Developers Guide
to the
ArsDigita Community System
by
Philip Greenspun
This document contains general guidelines for building new ACS pages.
It should used in conjunction with
the procedure-by-procedure documentation.
Writing a Whole Module
If you're writing a new module, see the short instructions in
/arsdigita/doc/custom,
and a detailed guide in
/arsdigita/doc/writing-a-module.
Documentation
Every procedure that you expect to be called externally (i.e., by Tcl
code that doesn't reside in the same file) should be documented with a
doc string. Instead of using
proc
, you should use
proc_doc
. This results in
the
procedure-by-procedure documentation. If you're a new programmer,
you might want to read the
common errors
list.
You call proc_doc
with a string in between the args and the body:
proc_doc plus2 {x} "returns the result of adding 2 to its argument" {
return [expr $x + 2]
}
Magic Numbers in the Code (Parameters)
Don't put magic numbers in your code with site-specific stuff, e.g.,
whether a particular feature is enabled or disabled. Add a parameter or
a section, if necessary, to your ad.ini file in the /parameters
directory.
Instead of
proc bboard_users_can_add_topics_p {} {
return 0
}
do
[ns/server/photonet/acs/bboard]
; can a user start a new bboard
UserCanAddTopicsP=0
...
proc bboard_users_can_add_topics_p {} {
return [ad_parameter UserCanAddTopicsP bboard]
}
Naming
If it is a parameter, put it in
/web/yourdomain/parameters/yourdomain.ini and capitalize words, e.g.,
"SystemName" (for consistency with AOLserver .ini file).
If your define a Tcl procedure that is site-specific, name it with a
prefix that is site-specific. E.g., the EDF scorecard.org site uses
"score_". A site to sell khakis uses "k_".

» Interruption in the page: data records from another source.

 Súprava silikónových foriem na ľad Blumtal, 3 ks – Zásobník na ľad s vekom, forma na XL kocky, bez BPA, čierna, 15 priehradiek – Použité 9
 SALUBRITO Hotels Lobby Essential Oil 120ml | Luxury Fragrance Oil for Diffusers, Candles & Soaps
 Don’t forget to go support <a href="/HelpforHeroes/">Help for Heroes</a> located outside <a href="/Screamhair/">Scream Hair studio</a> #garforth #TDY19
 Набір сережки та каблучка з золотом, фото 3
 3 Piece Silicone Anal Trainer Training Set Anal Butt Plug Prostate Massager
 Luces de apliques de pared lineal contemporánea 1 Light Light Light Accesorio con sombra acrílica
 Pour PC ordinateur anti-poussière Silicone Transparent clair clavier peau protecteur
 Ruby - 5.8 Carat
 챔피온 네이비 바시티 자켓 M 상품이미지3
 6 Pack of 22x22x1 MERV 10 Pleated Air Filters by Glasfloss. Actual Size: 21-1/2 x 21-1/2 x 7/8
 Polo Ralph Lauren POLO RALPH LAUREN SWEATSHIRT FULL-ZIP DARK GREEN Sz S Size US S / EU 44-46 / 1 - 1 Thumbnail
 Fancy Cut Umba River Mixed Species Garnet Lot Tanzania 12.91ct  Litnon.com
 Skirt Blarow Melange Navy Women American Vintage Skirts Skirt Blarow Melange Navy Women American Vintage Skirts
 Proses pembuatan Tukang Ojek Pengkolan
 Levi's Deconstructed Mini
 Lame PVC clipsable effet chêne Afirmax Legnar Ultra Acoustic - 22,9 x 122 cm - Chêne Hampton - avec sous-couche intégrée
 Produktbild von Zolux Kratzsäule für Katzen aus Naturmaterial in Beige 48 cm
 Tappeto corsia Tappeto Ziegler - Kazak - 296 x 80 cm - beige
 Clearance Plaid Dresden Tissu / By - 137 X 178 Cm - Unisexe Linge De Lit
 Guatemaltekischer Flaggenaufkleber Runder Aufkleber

If it is a community procedure, name it ad_ and put in somewhere in the
/tcl directory.
If it is a utility procedure, name it util_ and put it in the
/home/nsadmin/modules/tcl/utilities file.
Naming (files)
In general, we like to name sequences of forms in the following way:
- foo (or foo.adp) -- presents a form to the user
- foo-2 (or foo-2.adp) -- presents a confirmation page to the user
- foo-3 (or foo-3.adp) -- actually does the database transaction,
may redirect rather than present anything to the user
As far as the "foo" goes (the actual name of the file), we like to use
object-verb. So you might have "user-update" for a form that
updates a record in the
users
table. Try not to be
redundant with the directory name. So if you have a bunch of scripts in
a directory called "users", the script to look at one user would just be
"one" rather than "user".
Naming (columns)
The following column names are ArsDigita Community System standards.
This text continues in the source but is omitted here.